#### [Work item]
Copy each entry exactly, leaving nothing out.

[Caption-style text data]
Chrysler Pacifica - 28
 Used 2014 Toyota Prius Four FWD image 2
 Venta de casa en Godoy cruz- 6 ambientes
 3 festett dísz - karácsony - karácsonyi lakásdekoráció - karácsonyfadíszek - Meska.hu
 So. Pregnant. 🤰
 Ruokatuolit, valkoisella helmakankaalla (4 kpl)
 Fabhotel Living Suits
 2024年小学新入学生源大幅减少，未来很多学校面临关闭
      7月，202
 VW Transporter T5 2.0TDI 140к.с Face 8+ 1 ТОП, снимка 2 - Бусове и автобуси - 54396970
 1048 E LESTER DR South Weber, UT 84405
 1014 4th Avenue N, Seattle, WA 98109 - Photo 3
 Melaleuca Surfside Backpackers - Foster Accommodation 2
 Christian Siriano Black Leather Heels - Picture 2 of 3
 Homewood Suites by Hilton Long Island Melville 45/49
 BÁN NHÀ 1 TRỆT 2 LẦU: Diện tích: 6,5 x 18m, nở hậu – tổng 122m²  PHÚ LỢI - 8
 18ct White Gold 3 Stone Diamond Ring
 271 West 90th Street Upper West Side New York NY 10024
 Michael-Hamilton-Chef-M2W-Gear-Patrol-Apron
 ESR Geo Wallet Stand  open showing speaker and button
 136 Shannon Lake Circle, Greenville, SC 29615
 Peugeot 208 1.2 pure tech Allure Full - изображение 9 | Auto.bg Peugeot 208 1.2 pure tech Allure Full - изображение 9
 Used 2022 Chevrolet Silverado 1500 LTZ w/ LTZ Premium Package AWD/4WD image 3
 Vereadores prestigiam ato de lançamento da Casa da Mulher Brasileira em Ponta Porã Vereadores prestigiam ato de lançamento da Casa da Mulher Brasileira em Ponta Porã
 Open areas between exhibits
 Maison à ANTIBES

#### [Answer space]
Chrysler Pacifica - 28
 Used 2014 Toyota Prius Four FWD image 2
 Venta de casa en Godoy cruz- 6 ambientes
 3 festett dísz - karácsony - karácsonyi lakásdekoráció - karácsonyfadíszek - Meska.hu
 So. Pregnant. 🤰
 Ruokatuolit, valkoisella helmakankaalla (4 kpl)
 Fabhotel Living Suits
 2024年小学新入学生源大幅减少，未来很多学校面临关闭
      7月，202
 VW Transporter T5 2.0TDI 140к.с Face 8+ 1 ТОП, снимка 2 - Бусове и автобуси - 54396970
 1048 E LESTER DR South Weber, UT 84405
 1014 4th Avenue N, Seattle, WA 98109 - Photo 3
 Melaleuca Surfside Backpackers - Foster Accommodation 2
 Christian Siriano Black Leather Heels - Picture 2 of 3
 Homewood Suites by Hilton Long Island Melville 45/49
 BÁN NHÀ 1 TRỆT 2 LẦU: Diện tích: 6,5 x 18m, nở hậu – tổng 122m²  PHÚ LỢI - 8
 18ct White Gold 3 Stone Diamond Ring
 271 West 90th Street Upper West Side New York NY 10024
 Michael-Hamilton-Chef-M2W-Gear-Patrol-Apron
 ESR Geo Wallet Stand  open showing speaker and button
 136 Shannon Lake Circle, Greenville, SC 29615
 Peugeot 208 1.2 pure tech Allure Full - изображение 9 | Auto.bg Peugeot 208 1.2 pure tech Allure Full - изображение 9
 Used 2022 Chevrolet Silverado 1500 LTZ w/ LTZ Premium Package AWD/4WD image 3
 Vereadores prestigiam ato de lançamento da Casa da Mulher Brasileira em Ponta Porã Vereadores prestigiam ato de lançamento da Casa da Mulher Brasileira em Ponta Porã
 Open areas between exhibits
 Maison à ANTIBES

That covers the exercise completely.